Grätzer pours a deep, deep reddish brown that was nearly black. My glass was opaque and the beer defied any attempt to get light to penetrate it. I held the glass up to a light on my ceiling and then to a window but neither could penetrate the Stygian gloom held therein. From what I could tell the beer was clear. It was nicely effervescent too with a big foamy tan head that proved in no hurry to dissipate.
Smoky goodness caught my nose first. Curiously enough, I also smelled some sweetness that was tropically fruity. There were also some wonderful toasty-chocolate/coffee roasted grain tones. A fine start, if you ask me. The taste was similar. There was a moderate smokiness hand-in-hand with more of those chocolatey grainy flavors. The malt also provided some sweetness here which I found to be like stone fruit as opposed to mangoes or papayas. These flavors were tempered by a bit of dryness from the carbonation. Lactobacillus was added to the beer but in a small quantity.

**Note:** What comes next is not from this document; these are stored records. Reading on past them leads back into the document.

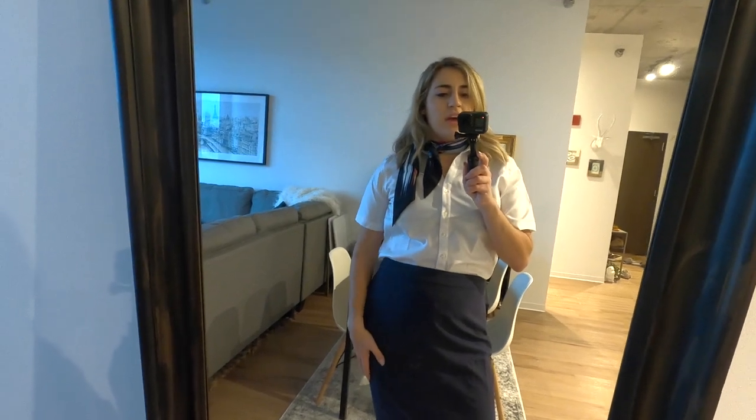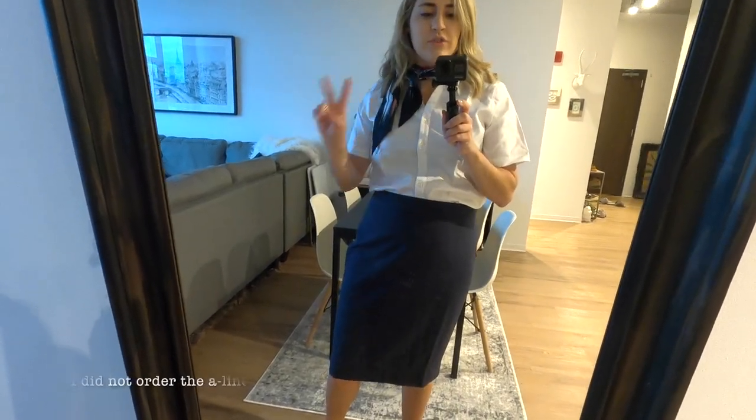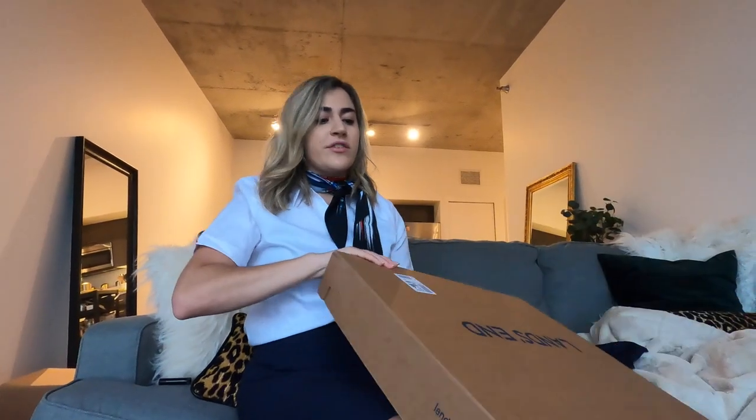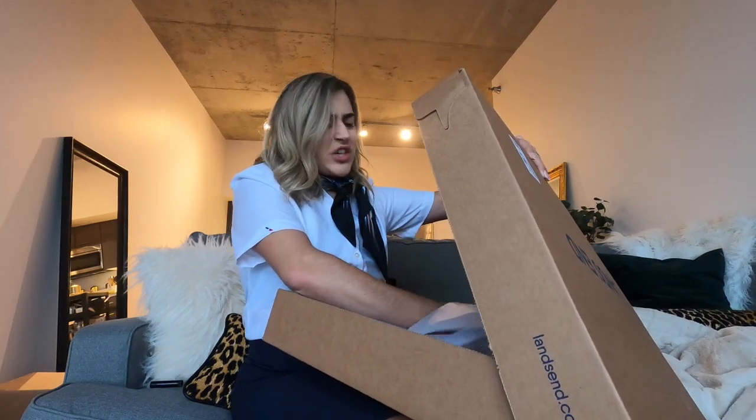I decided to do the white shirt in the short sleeve option, because we actually have a signature flight attendant piece for the next shirt and I'll do that in the long sleeve option. This is our pencil skirt — we actually have two skirts, the A-line and this one. I'm going to quickly open up the suit jacket blazer now.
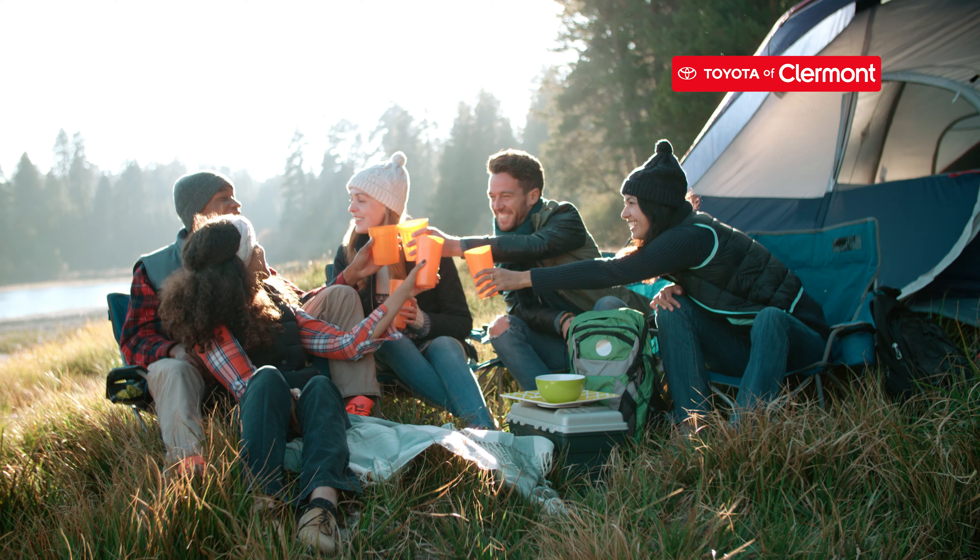This 4Runner has a premium audio system with navigation, Apple CarPlay, Android Auto, and Amazon Alexa, making this a technology beast.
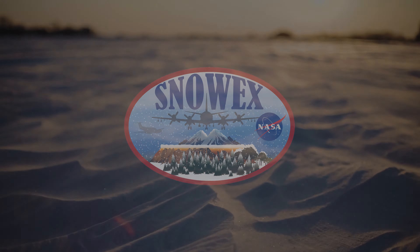Our area of interest is the tundra. We are pretty well loaded up, and soon we're going to head out into the field for our first day on the tundra.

I caught a hint of sour immediately but the tartness came mostly in the finish which saw the nearly ubiquitous smoke come to a diminuendo and be superseded by some herbal hop bitterness and the more pronounced lacto sour.
Judging purely by Grätzer's Cimmerian appearance, you'd think this was a heavy beer but that's not the case. Grätzer has a light body and is rather small at 4.5% A.B.V. yet it is a tasty gallimaufry of malt pleasures with the grains offering smoky, chocolatey, and sweet flavors. While the malt is front and center on the palate, the carbonation and the lactic acid bacteria help keep everything balanced. As for the finish, I thoroughly enjoyed how the taste changed from being malt-centric to one that was slightly dry with some hop bitterness and acidulous to boot. Grätzer is a rather nimble beer as it managed to be rather hearty yet also light & refreshing at the same time.
Junk food pairing: If you still have some Grätzer and don't want to give it to me, then drink it now and pair it with Jay's Barbeque potato chips. Unless Jay's has changed the recipe, these chips have a prominent paprika flavor as opposed to a sweet BBQ sauce one. The earthy spice complements the smoke well. If you can get your hands on Polish junk food then I'd bet Lay's Papryka chips would be the perfect companion.